Search the entries for the word "Modern". Copy every line where it turns up.
=-=-=
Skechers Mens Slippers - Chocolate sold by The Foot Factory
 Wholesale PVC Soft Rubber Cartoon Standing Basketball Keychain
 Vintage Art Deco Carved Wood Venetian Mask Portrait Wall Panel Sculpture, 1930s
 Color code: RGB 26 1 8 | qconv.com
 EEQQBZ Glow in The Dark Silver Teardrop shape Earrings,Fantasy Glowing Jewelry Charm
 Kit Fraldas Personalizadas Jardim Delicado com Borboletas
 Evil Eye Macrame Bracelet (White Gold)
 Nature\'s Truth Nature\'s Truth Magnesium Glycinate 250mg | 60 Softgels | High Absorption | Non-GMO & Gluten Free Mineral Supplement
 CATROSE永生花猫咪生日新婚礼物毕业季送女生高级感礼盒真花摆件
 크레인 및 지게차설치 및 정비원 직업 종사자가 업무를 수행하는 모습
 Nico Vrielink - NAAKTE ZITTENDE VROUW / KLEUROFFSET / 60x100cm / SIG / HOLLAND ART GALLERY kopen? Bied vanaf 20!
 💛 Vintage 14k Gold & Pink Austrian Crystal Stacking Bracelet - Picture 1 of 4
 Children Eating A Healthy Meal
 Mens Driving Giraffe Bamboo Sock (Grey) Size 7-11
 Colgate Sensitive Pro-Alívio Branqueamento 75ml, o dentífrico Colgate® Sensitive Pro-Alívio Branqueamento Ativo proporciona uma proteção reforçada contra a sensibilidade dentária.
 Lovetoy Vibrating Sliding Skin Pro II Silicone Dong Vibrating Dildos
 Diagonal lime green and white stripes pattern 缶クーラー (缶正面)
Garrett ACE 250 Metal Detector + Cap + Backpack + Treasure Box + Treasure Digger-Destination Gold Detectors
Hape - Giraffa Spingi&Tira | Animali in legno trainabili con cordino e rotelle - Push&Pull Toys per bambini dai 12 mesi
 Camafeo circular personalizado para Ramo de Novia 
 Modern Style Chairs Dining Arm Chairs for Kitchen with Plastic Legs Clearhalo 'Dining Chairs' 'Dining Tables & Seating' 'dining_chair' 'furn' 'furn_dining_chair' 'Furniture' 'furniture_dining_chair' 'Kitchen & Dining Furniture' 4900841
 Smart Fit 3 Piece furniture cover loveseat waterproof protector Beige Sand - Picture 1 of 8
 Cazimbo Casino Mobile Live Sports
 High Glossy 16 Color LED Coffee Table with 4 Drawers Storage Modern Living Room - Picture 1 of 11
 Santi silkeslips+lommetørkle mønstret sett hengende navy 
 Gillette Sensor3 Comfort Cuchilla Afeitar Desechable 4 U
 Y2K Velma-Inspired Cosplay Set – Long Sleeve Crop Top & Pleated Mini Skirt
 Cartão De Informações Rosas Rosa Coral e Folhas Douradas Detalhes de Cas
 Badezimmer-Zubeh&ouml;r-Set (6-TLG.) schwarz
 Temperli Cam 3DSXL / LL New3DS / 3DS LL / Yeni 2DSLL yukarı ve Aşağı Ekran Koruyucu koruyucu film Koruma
=-=-=
COMPLETED EXERCISE>
 Modern Style Chairs Dining Arm Chairs for Kitchen with Plastic Legs Clearhalo 'Dining Chairs' 'Dining Tables & Seating' 'dining_chair' 'furn' 'furn_dining_chair' 'Furniture' 'furniture_dining_chair' 'Kitchen & Dining Furniture' 4900841
 High Glossy 16 Color LED Coffee Table with 4 Drawers Storage Modern Living Room - Picture 1 of 11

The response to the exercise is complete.